■ About this task:
Below are some records. Retype exactly the lines from the one containing "Cupra Born 58" through the one containing "Pedala de acceleratie", both included, skipping every picture.

■ Data extract:
Content starts

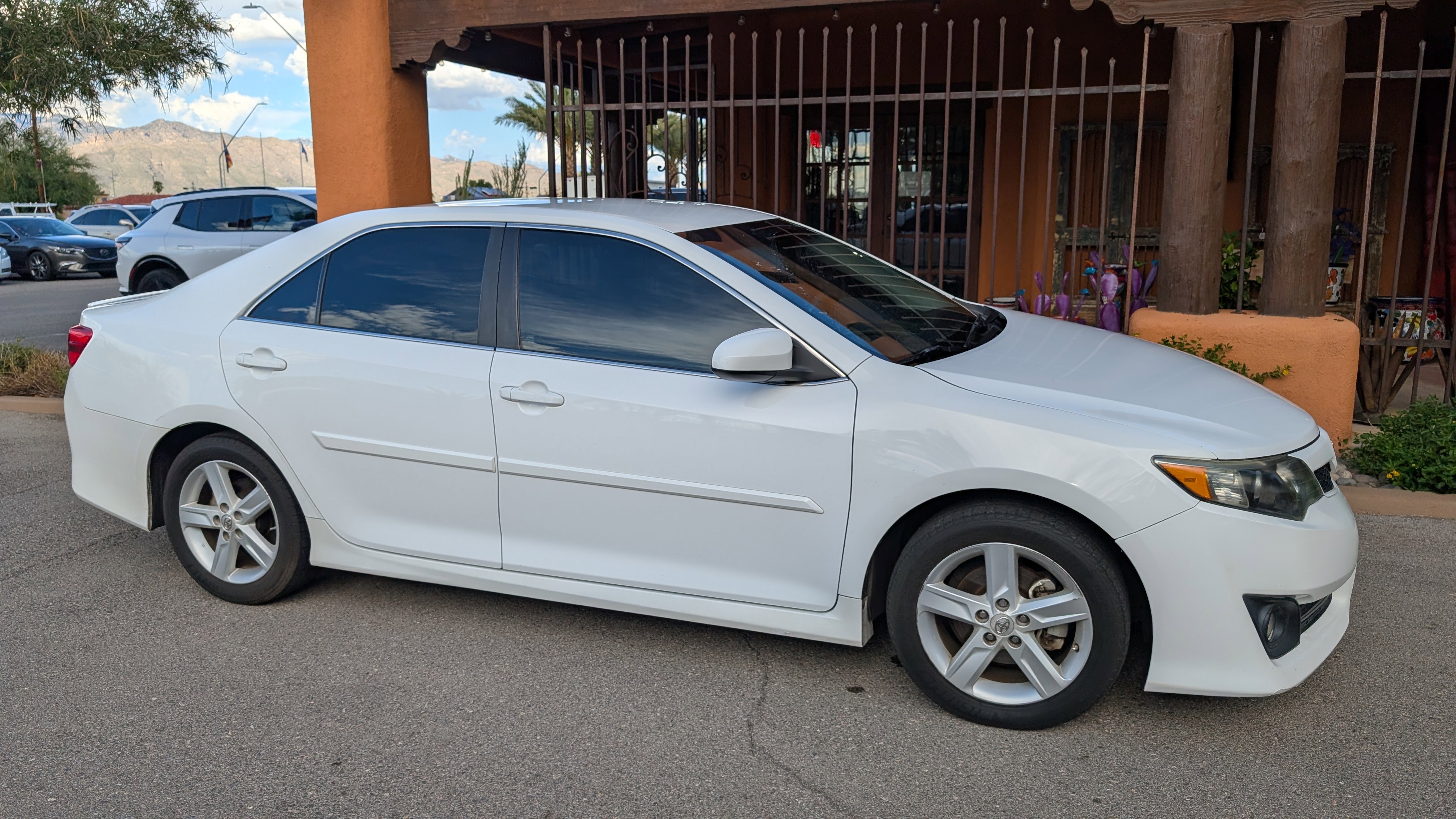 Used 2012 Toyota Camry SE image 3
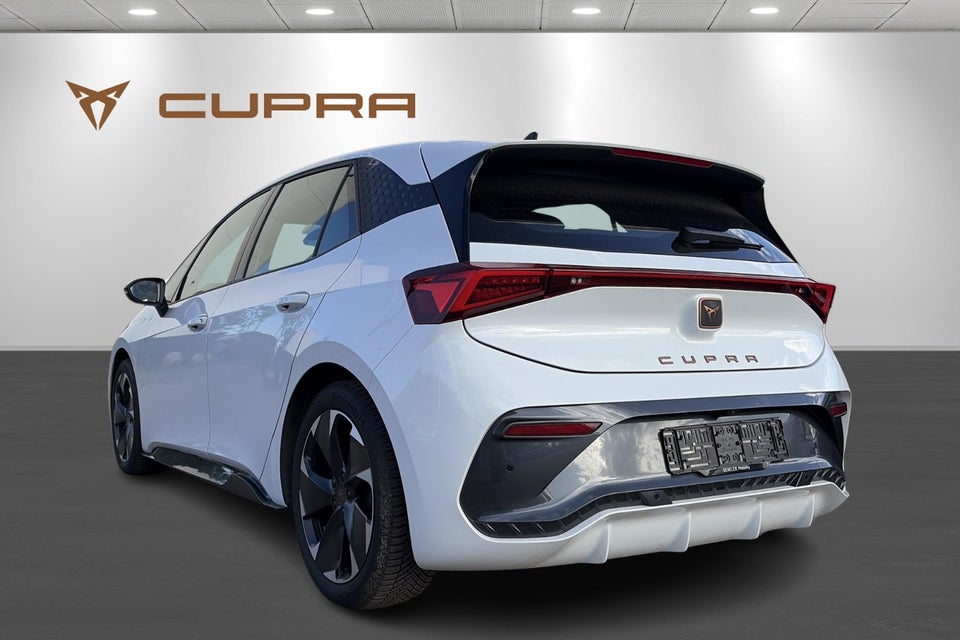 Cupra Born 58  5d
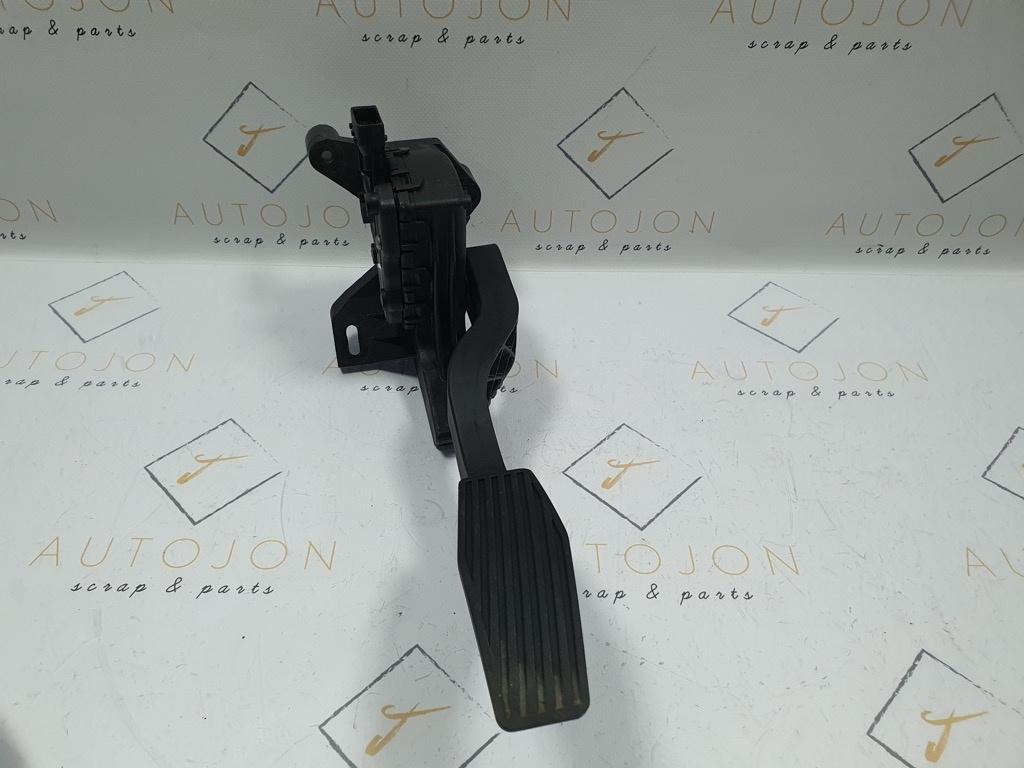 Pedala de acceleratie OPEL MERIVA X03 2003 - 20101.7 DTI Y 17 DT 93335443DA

Content ends
Content starts

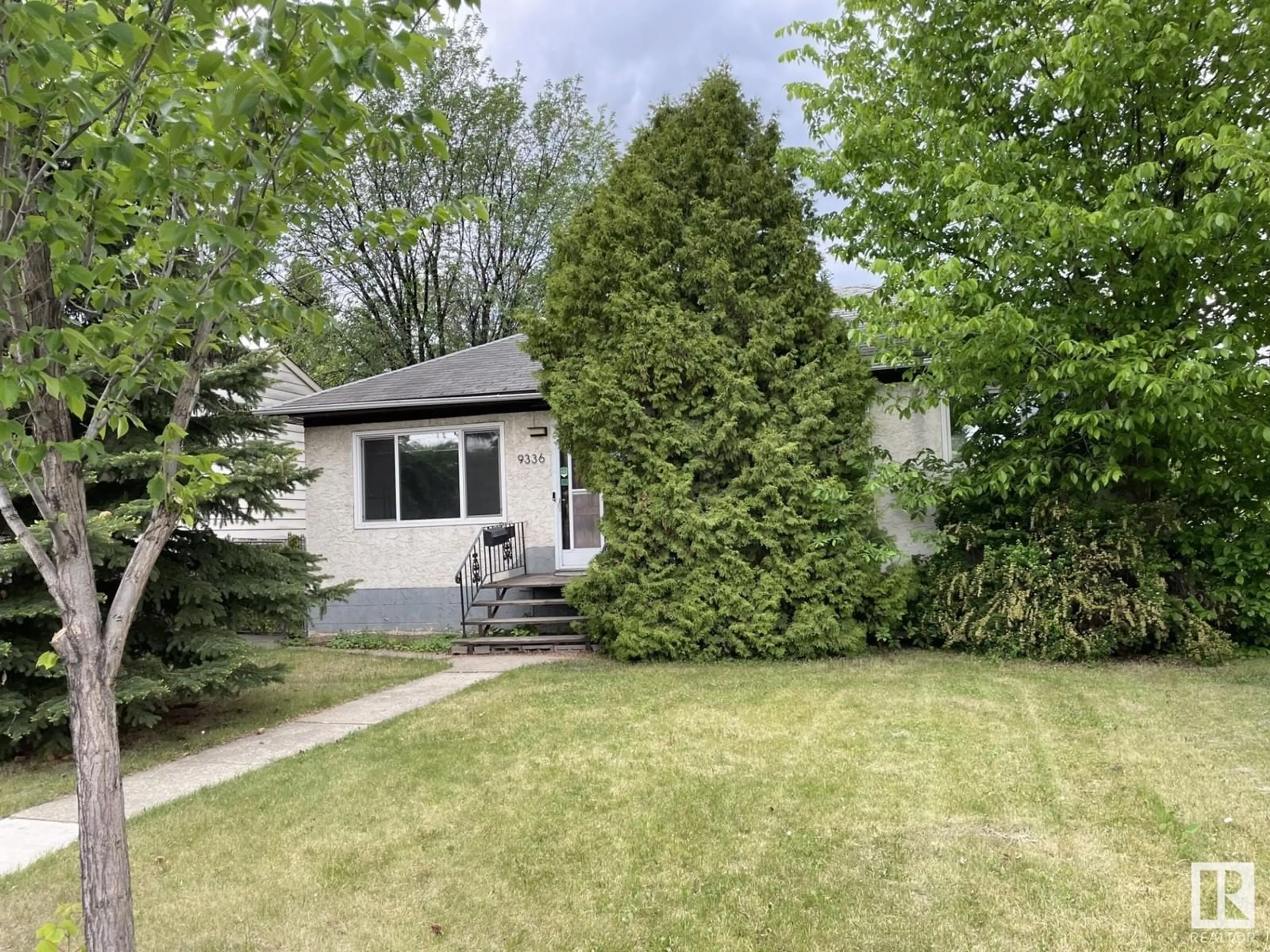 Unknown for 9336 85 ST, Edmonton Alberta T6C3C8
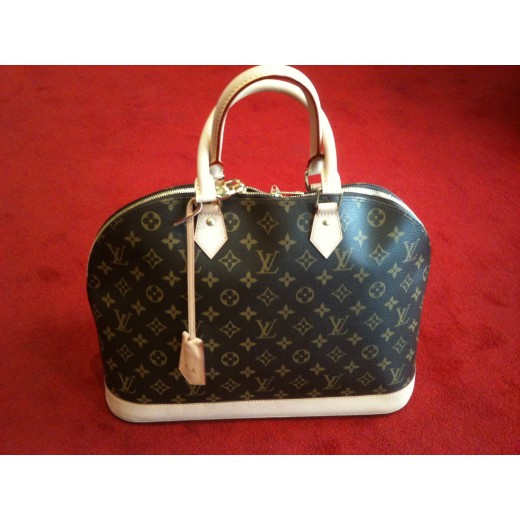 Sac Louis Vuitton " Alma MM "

Content ends

■ Solution for this problem:
 Cupra Born 58  5d
 Pedala de acceleratie OPEL MERIVA X03 2003 - 20101.7 DTI Y 17 DT 93335443DA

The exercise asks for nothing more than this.